Reputation:
I am trying to filter a pandas data frame which has 2 levels of columns header using a list in the fairly standard way of using isin
and a mask to retun a new filtered dataframe. However I keep running into a value error around overlapping index names which I can't seem to solve.
Here are examples, of my list I'd like to filter on, as well as the dataframe itself. Not sure how to provide the code needed to generate this dataframe as it is imported from an csv file.
my_list = ['DEF', 'GHI']
+------+--------+----------+---+----------+---+
| CODE | NAME | STANDARD | | ADVANCED | |
+------+--------+----------+---+----------+---+
| CODE | NAME | A | B | A | B |
+------+--------+----------+---+----------+---+
| ABC | APPLE | 1 | 1 | 2 | 2 |
| DEF | BANANA | 3 | 3 | 4 | 4 |
| GHI | KIWI | 5 | 5 | 6 | 6 |
| JKL | MANGO | 7 | 7 | 8 | 8 |
+------+--------+----------+---+----------+---+
running the following line to filter
new_df = df[df['CODE'].isin(my_list)]
returns
ValueError: cannot join with no overlapping index names
however if I run df['CODE'].isin(my_list)

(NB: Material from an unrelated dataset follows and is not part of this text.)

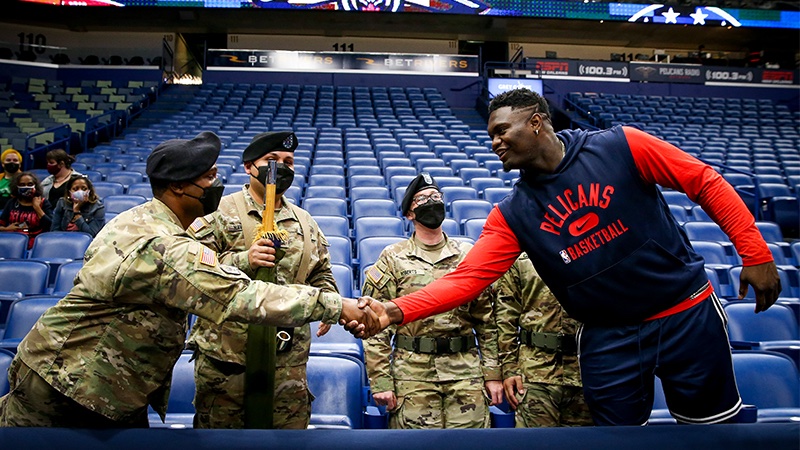PelicansNBA's tweet photo. A #HoopsForTroops jersey swap 🏀

@ZionWilliamson | #VeteransDay https://t.co/dunsOjKlrB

by itself, this seems to work and returns the Symbol
column with True/False values, which means something goes wrong when applying the mask to the original dataframe.
df source code
[{('CODE', 'CODE'): 'ABC',
('NAME', 'NAME'): 'APPLE',
('STANDARD', 'A'): 1,
('STANDARD', 'B'): 1,
('ADVANCED', 'A'): 2,
('ADVANCED', 'B'): 2},
{('CODE', 'CODE'): 'DEF',
('NAME', 'NAME'): 'BANANA',
('STANDARD', 'A'): 3,
('STANDARD', 'B'): 3,
('ADVANCED', 'A'): 4,
('ADVANCED', 'B'): 4},
{('CODE', 'CODE'): 'GHI',
('NAME', 'NAME'): 'KIWI',
('STANDARD', 'A'): 5,
('STANDARD', 'B'): 5,
('ADVANCED', 'A'): 6,
('ADVANCED', 'B'): 6},
{('CODE', 'CODE'): 'JKL',
('NAME', 'NAME'): 'MANGO',
('STANDARD', 'A'): 7,
('STANDARD', 'B'): 7,
('ADVANCED', 'A'): 8,
('ADVANCED', 'B'): 8}]
Upvotes: 4
Views: 844
Reputation: 323306
When there are multiple index
I usually slice with position
my_list = ['DEF', 'GHI']
df.iloc[:,0].isin(my_list)
Out[49]:
0 False
1 True
2 True
3 False
Name: (CODE, CODE), dtype: bool
Upvotes: 3
Reputation: 35646
Take a look at what df['CODE'].isin(my_list)
produces:
CODE
0 False
1 True
2 True
3 False
Compared to a single level index:
my_list = ['DEF', 'GHI']
df = pd.DataFrame({
'CODE': ['ABC', 'DEF', 'GHI', 'JKL']
})
print(df['CODE'].isin(my_list))
0 False
1 True
2 True
3 False
Name: CODE, dtype: bool
Fix
Either grab the index out of CODE:
new_df = df[df['CODE'].isin(my_list)['CODE']]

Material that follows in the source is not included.